Record extracts:

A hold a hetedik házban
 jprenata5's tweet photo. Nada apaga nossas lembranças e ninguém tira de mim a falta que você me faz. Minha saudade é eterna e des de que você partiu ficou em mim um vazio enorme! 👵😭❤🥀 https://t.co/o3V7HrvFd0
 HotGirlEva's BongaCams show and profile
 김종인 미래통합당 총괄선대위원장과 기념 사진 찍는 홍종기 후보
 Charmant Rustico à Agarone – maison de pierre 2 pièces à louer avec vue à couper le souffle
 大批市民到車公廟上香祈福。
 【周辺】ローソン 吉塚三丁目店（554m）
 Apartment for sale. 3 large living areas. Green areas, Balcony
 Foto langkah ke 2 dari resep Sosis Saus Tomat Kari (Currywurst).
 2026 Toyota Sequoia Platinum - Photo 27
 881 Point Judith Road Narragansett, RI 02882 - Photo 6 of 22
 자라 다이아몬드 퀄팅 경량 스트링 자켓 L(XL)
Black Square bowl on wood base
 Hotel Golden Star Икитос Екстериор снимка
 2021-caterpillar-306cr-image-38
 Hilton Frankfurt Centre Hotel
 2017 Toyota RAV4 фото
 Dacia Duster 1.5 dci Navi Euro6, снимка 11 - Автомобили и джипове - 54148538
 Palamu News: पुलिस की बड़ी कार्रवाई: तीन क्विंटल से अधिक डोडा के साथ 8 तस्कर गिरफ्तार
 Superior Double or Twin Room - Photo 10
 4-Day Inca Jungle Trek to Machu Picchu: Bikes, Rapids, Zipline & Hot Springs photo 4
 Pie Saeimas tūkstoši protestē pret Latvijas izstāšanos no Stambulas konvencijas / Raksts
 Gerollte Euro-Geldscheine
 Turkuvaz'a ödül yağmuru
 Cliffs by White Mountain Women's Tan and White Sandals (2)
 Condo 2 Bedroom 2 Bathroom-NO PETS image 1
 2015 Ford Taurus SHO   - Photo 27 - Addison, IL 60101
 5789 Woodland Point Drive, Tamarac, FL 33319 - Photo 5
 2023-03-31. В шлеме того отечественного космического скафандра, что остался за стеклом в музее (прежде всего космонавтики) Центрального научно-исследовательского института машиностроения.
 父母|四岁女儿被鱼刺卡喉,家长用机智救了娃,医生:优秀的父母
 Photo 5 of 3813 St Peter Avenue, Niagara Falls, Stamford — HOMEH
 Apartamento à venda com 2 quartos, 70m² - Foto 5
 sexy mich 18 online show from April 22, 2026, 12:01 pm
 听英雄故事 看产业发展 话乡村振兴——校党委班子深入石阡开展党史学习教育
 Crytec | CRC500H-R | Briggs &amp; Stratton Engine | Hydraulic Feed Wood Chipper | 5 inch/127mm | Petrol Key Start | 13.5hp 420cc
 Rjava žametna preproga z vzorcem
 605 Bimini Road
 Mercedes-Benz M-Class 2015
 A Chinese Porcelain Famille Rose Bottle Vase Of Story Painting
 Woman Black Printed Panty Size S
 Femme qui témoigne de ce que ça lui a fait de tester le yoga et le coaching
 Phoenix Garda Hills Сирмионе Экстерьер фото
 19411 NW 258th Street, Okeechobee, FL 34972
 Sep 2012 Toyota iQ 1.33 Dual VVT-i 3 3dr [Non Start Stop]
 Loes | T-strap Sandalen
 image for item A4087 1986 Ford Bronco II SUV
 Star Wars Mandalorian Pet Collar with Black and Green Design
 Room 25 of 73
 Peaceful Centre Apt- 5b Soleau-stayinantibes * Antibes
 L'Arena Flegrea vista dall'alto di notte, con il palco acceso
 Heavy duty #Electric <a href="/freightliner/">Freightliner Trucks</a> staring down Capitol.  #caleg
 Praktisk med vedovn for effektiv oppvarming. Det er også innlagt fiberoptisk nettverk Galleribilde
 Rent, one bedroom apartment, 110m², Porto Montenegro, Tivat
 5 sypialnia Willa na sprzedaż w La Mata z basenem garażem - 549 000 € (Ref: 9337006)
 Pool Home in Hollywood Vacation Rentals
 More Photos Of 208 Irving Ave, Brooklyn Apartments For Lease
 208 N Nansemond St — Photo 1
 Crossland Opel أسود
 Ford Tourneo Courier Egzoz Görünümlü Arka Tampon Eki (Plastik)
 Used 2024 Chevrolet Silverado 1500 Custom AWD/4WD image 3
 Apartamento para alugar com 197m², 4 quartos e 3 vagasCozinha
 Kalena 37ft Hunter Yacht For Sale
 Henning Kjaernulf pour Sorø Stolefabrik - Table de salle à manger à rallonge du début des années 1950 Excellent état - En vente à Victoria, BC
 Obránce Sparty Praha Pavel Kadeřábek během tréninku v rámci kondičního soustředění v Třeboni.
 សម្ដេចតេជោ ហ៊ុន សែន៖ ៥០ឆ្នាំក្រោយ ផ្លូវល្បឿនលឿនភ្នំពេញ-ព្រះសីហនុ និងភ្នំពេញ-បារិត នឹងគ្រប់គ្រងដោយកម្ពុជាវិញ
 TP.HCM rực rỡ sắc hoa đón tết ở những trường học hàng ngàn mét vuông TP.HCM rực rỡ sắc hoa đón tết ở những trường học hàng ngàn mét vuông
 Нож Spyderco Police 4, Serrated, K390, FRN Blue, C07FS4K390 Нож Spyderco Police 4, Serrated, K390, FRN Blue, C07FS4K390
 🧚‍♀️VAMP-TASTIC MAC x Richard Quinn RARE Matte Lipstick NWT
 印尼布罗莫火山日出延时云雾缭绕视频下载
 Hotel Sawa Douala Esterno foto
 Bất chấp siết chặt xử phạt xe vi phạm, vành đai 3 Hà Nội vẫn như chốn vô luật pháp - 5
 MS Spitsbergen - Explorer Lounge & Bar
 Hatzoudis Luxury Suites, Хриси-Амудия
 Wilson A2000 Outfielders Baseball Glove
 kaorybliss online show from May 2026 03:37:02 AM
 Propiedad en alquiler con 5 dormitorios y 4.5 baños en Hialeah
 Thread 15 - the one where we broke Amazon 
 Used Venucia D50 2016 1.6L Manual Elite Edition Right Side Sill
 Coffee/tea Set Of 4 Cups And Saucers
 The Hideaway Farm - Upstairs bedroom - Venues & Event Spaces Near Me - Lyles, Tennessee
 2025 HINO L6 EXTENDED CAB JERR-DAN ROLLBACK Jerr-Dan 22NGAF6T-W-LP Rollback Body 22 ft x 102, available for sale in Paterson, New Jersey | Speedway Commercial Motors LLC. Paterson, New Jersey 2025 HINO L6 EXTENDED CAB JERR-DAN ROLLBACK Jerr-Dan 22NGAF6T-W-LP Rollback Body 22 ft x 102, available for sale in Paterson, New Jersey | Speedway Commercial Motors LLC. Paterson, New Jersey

To do: Transcribe each record exactly. Leave nothing out.

Your response:
A hold a hetedik házban
 jprenata5's tweet photo. Nada apaga nossas lembranças e ninguém tira de mim a falta que você me faz. Minha saudade é eterna e des de que você partiu ficou em mim um vazio enorme! 👵😭❤🥀 https://t.co/o3V7HrvFd0
 HotGirlEva's BongaCams show and profile
 김종인 미래통합당 총괄선대위원장과 기념 사진 찍는 홍종기 후보
 Charmant Rustico à Agarone – maison de pierre 2 pièces à louer avec vue à couper le souffle
 大批市民到車公廟上香祈福。
 【周辺】ローソン 吉塚三丁目店（554m）
 Apartment for sale. 3 large living areas. Green areas, Balcony
 Foto langkah ke 2 dari resep Sosis Saus Tomat Kari (Currywurst).
 2026 Toyota Sequoia Platinum - Photo 27
 881 Point Judith Road Narragansett, RI 02882 - Photo 6 of 22
 자라 다이아몬드 퀄팅 경량 스트링 자켓 L(XL)
Black Square bowl on wood base
 Hotel Golden Star Икитос Екстериор снимка
 2021-caterpillar-306cr-image-38
 Hilton Frankfurt Centre Hotel
 2017 Toyota RAV4 фото
 Dacia Duster 1.5 dci Navi Euro6, снимка 11 - Автомобили и джипове - 54148538
 Palamu News: पुलिस की बड़ी कार्रवाई: तीन क्विंटल से अधिक डोडा के साथ 8 तस्कर गिरफ्तार
 Superior Double or Twin Room - Photo 10
 4-Day Inca Jungle Trek to Machu Picchu: Bikes, Rapids, Zipline & Hot Springs photo 4
 Pie Saeimas tūkstoši protestē pret Latvijas izstāšanos no Stambulas konvencijas / Raksts
 Gerollte Euro-Geldscheine
 Turkuvaz'a ödül yağmuru
 Cliffs by White Mountain Women's Tan and White Sandals (2)
 Condo 2 Bedroom 2 Bathroom-NO PETS image 1
 2015 Ford Taurus SHO   - Photo 27 - Addison, IL 60101
 5789 Woodland Point Drive, Tamarac, FL 33319 - Photo 5
 2023-03-31. В шлеме того отечественного космического скафандра, что остался за стеклом в музее (прежде всего космонавтики) Центрального научно-исследовательского института машиностроения.
 父母|四岁女儿被鱼刺卡喉,家长用机智救了娃,医生:优秀的父母
 Photo 5 of 3813 St Peter Avenue, Niagara Falls, Stamford — HOMEH
 Apartamento à venda com 2 quartos, 70m² - Foto 5
 sexy mich 18 online show from April 22, 2026, 12:01 pm
 听英雄故事 看产业发展 话乡村振兴——校党委班子深入石阡开展党史学习教育
 Crytec | CRC500H-R | Briggs &amp; Stratton Engine | Hydraulic Feed Wood Chipper | 5 inch/127mm | Petrol Key Start | 13.5hp 420cc
 Rjava žametna preproga z vzorcem
 605 Bimini Road
 Mercedes-Benz M-Class 2015
 A Chinese Porcelain Famille Rose Bottle Vase Of Story Painting
 Woman Black Printed Panty Size S
 Femme qui témoigne de ce que ça lui a fait de tester le yoga et le coaching
 Phoenix Garda Hills Сирмионе Экстерьер фото
 19411 NW 258th Street, Okeechobee, FL 34972
 Sep 2012 Toyota iQ 1.33 Dual VVT-i 3 3dr [Non Start Stop]
 Loes | T-strap Sandalen
 image for item A4087 1986 Ford Bronco II SUV
 Star Wars Mandalorian Pet Collar with Black and Green Design
 Room 25 of 73
 Peaceful Centre Apt- 5b Soleau-stayinantibes * Antibes
 L'Arena Flegrea vista dall'alto di notte, con il palco acceso
 Heavy duty #Electric <a href="/freightliner/">Freightliner Trucks</a> staring down Capitol.  #caleg
 Praktisk med vedovn for effektiv oppvarming. Det er også innlagt fiberoptisk nettverk Galleribilde
 Rent, one bedroom apartment, 110m², Porto Montenegro, Tivat
 5 sypialnia Willa na sprzedaż w La Mata z basenem garażem - 549 000 € (Ref: 9337006)
 Pool Home in Hollywood Vacation Rentals
 More Photos Of 208 Irving Ave, Brooklyn Apartments For Lease
 208 N Nansemond St — Photo 1
 Crossland Opel أسود
 Ford Tourneo Courier Egzoz Görünümlü Arka Tampon Eki (Plastik)
 Used 2024 Chevrolet Silverado 1500 Custom AWD/4WD image 3
 Apartamento para alugar com 197m², 4 quartos e 3 vagasCozinha
 Kalena 37ft Hunter Yacht For Sale
 Henning Kjaernulf pour Sorø Stolefabrik - Table de salle à manger à rallonge du début des années 1950 Excellent état - En vente à Victoria, BC
 Obránce Sparty Praha Pavel Kadeřábek během tréninku v rámci kondičního soustředění v Třeboni.
 សម្ដេចតេជោ ហ៊ុន សែន៖ ៥០ឆ្នាំក្រោយ ផ្លូវល្បឿនលឿនភ្នំពេញ-ព្រះសីហនុ និងភ្នំពេញ-បារិត នឹងគ្រប់គ្រងដោយកម្ពុជាវិញ
 TP.HCM rực rỡ sắc hoa đón tết ở những trường học hàng ngàn mét vuông TP.HCM rực rỡ sắc hoa đón tết ở những trường học hàng ngàn mét vuông
 Нож Spyderco Police 4, Serrated, K390, FRN Blue, C07FS4K390 Нож Spyderco Police 4, Serrated, K390, FRN Blue, C07FS4K390
 🧚‍♀️VAMP-TASTIC MAC x Richard Quinn RARE Matte Lipstick NWT
 印尼布罗莫火山日出延时云雾缭绕视频下载
 Hotel Sawa Douala Esterno foto
 Bất chấp siết chặt xử phạt xe vi phạm, vành đai 3 Hà Nội vẫn như chốn vô luật pháp - 5
 MS Spitsbergen - Explorer Lounge & Bar
 Hatzoudis Luxury Suites, Хриси-Амудия
 Wilson A2000 Outfielders Baseball Glove
 kaorybliss online show from May 2026 03:37:02 AM
 Propiedad en alquiler con 5 dormitorios y 4.5 baños en Hialeah
 Thread 15 - the one where we broke Amazon 
 Used Venucia D50 2016 1.6L Manual Elite Edition Right Side Sill
 Coffee/tea Set Of 4 Cups And Saucers
 The Hideaway Farm - Upstairs bedroom - Venues & Event Spaces Near Me - Lyles, Tennessee
 2025 HINO L6 EXTENDED CAB JERR-DAN ROLLBACK Jerr-Dan 22NGAF6T-W-LP Rollback Body 22 ft x 102, available for sale in Paterson, New Jersey | Speedway Commercial Motors LLC. Paterson, New Jersey 2025 HINO L6 EXTENDED CAB JERR-DAN ROLLBACK Jerr-Dan 22NGAF6T-W-LP Rollback Body 22 ft x 102, available for sale in Paterson, New Jersey | Speedway Commercial Motors LLC. Paterson, New Jersey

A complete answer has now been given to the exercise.